Loading data in Azure Synapse using Copy

,

Introduction

Azure Synapse Analytics (formerly SQL DW) )is the next evolution of Azure SQL Data Warehouse. It is a combination of enterprise data warehousing and Big Data Analytics. A Synapse SQL Pool is the enterprise data warehousing feature that is generally available in Azure Synapse Analytics. This is a collection of analytic resources and the size and performance of the pool is determined by the selected Data Warehousing units (DWU). It has a massively parallel processing (MPP) architecture which makes the data computation very fast.

Usually an extract, load and transform (ELT) process is used for data loading in the Synapse SQL Pool to leverage MPP and to eliminate the resources required for data transformation before loading data. In ELT process, data is extracted from external storage and loaded in the SQL Pool. Then, data is transformed and finally inserted into the production tables.

Synapse SQL MPP architecture

Synapse SQL architecture

Synapse SQL uses a node based architecture. There are two types of nodes: a control node and a compute node. The control node accepts application queries and optimizes them on the MPP engine for parallel processing. The control node then shares the queries with the compute nodes to complete the execution in parallel. Compute nodes store user data in Azure storage and execute the queries in parallel.

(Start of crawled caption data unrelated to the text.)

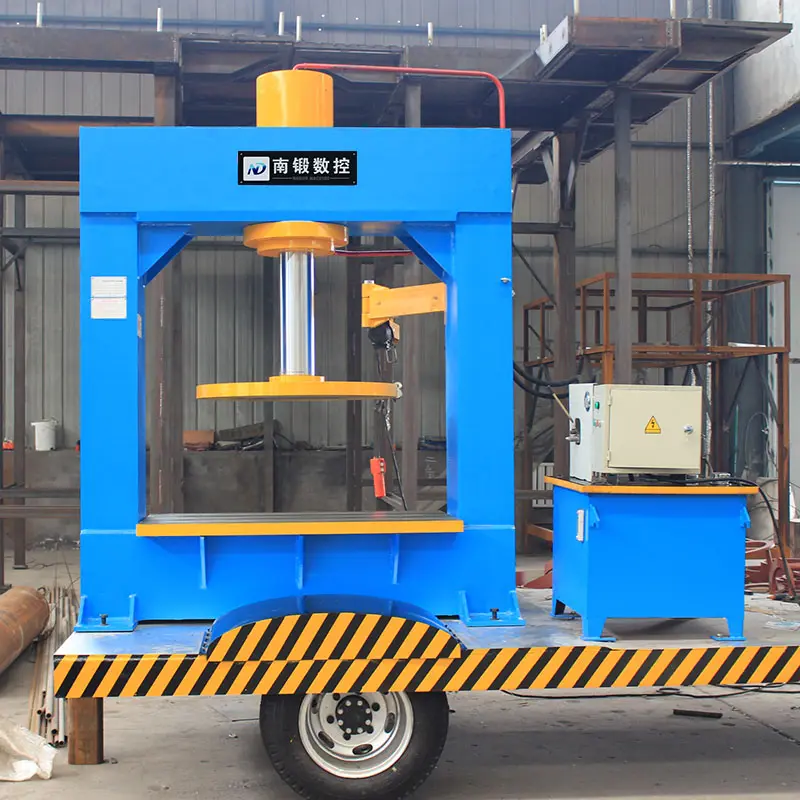 150 Tonnen hydraulische Presse mobile Reifen presse Vollreife presse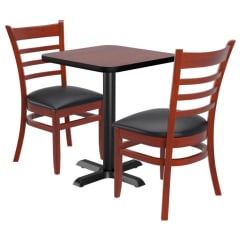 Food court sales tables and chairs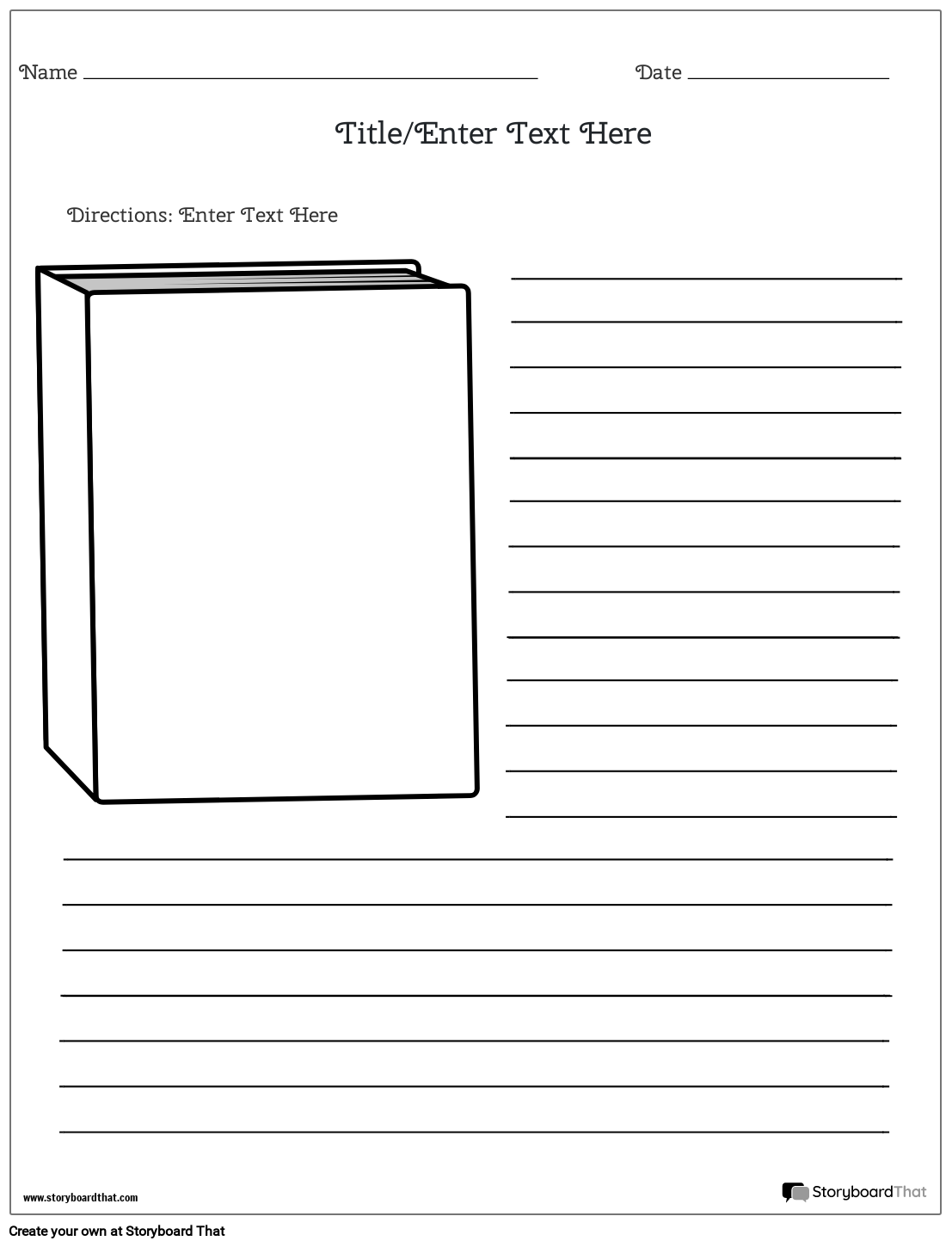 Free Printable Book Template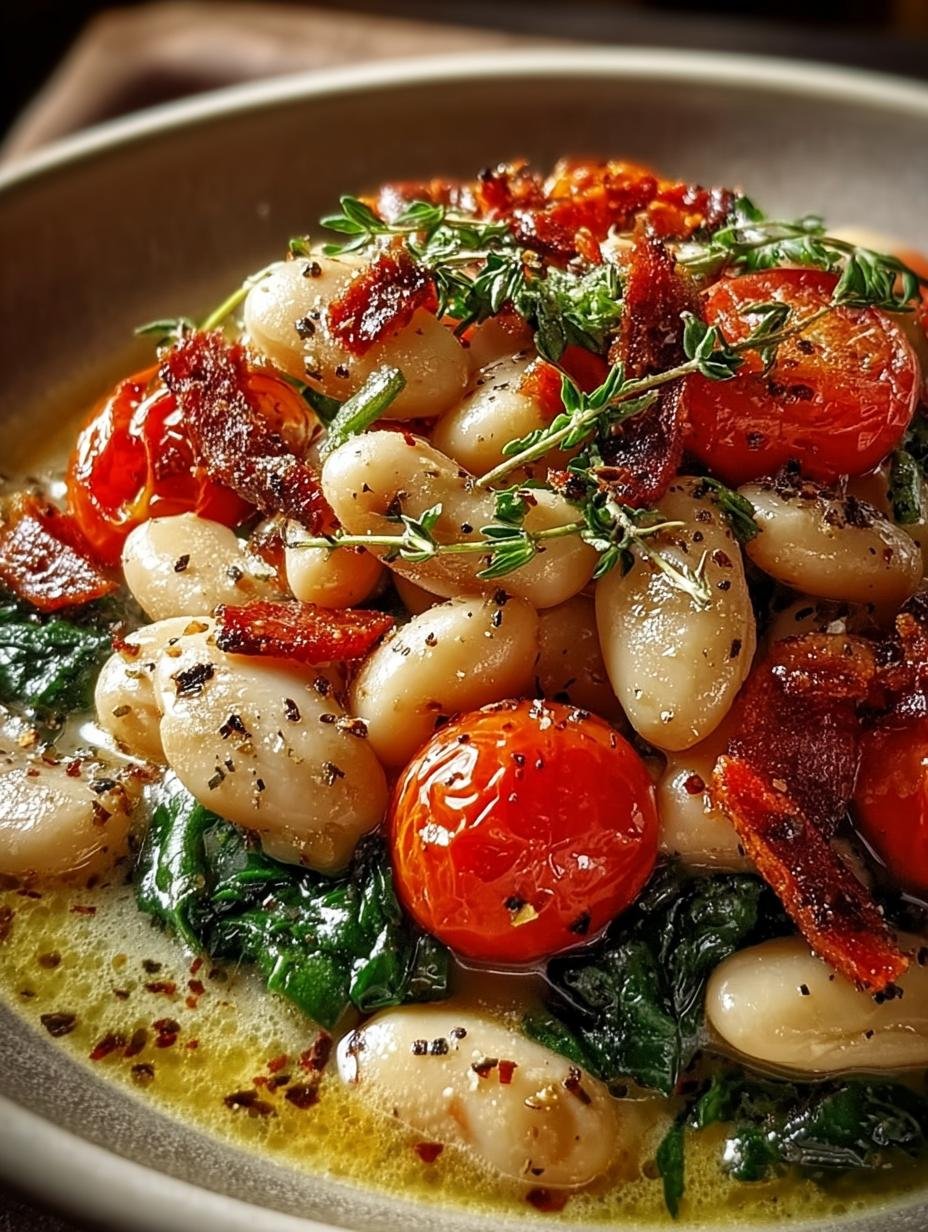 Creamy Tuscan White Bean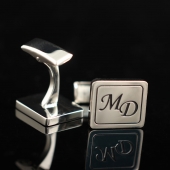 Запонки с инициалами MD арт. U-0226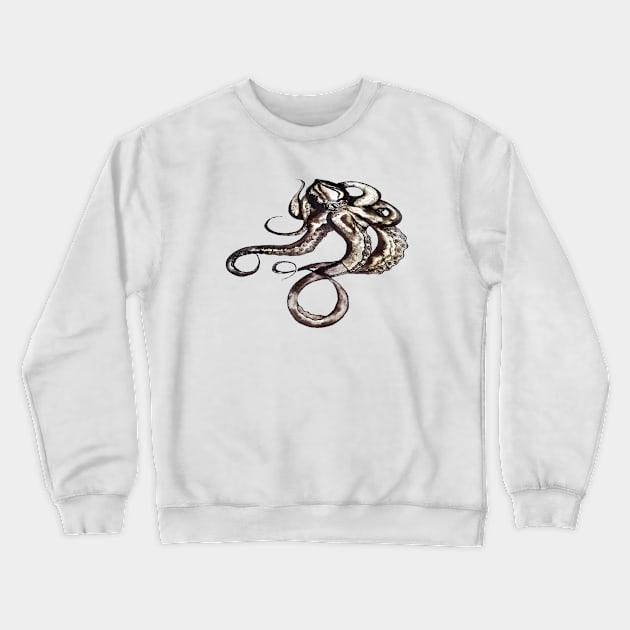 octopus with tentacles. Crewneck Sweatshirt by Art by Taya 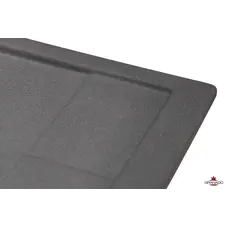 Кухонна гранітна мийка GRANADO Altea Grafito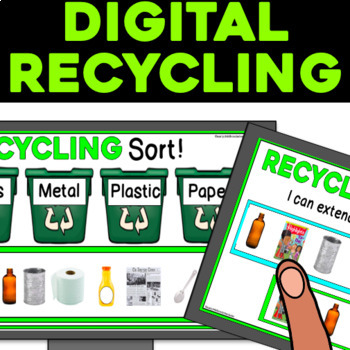 Preview of Digital Recycling Activities for Google Slides™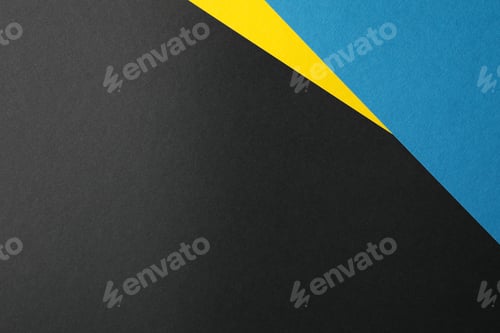 Preview: Three tone background made of color sheets. Texture for design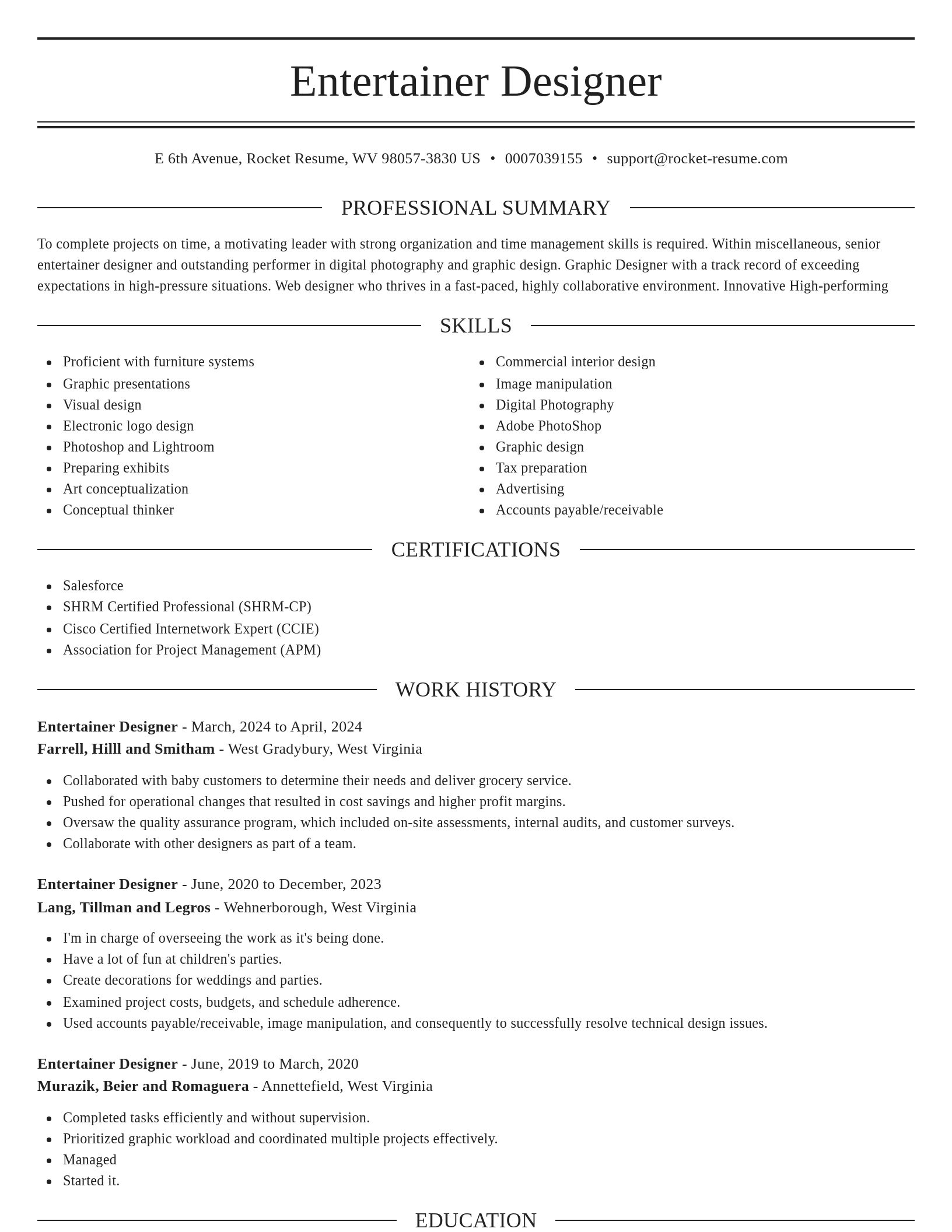Elegant resume template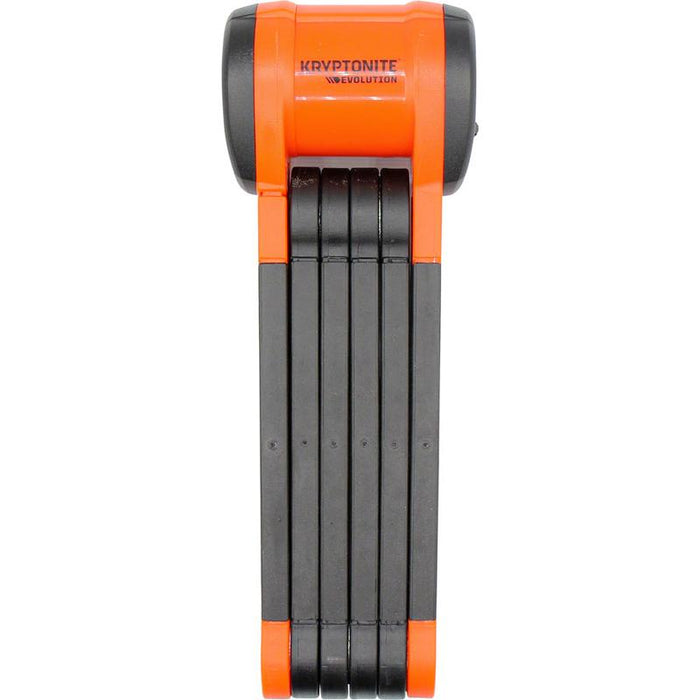 Kryptonite Evolution 790 Folding Lock - 90cm Keyed Inludes Click Tight Bracket Black/Orange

The DMS (Data Movement service) helps with data movement between the compute nodes as per processing requirements.

The COPY Statement

There are many data loading methods for the SQL Pool. The COPY statement is the fastest, most scalable and flexible way to load data. Data can be loaded from Azure Blob Storage and Azure Data Lake through T-SQL language statements. With the COPY statement, data can be loaded from UTF-8 and UTF-16 encoded delimited text or CSV files. Data loading can also be completed from the Hadoop file formats such as ORC and Parquet as well. GZip and Snappy compressed file formats are also allowed.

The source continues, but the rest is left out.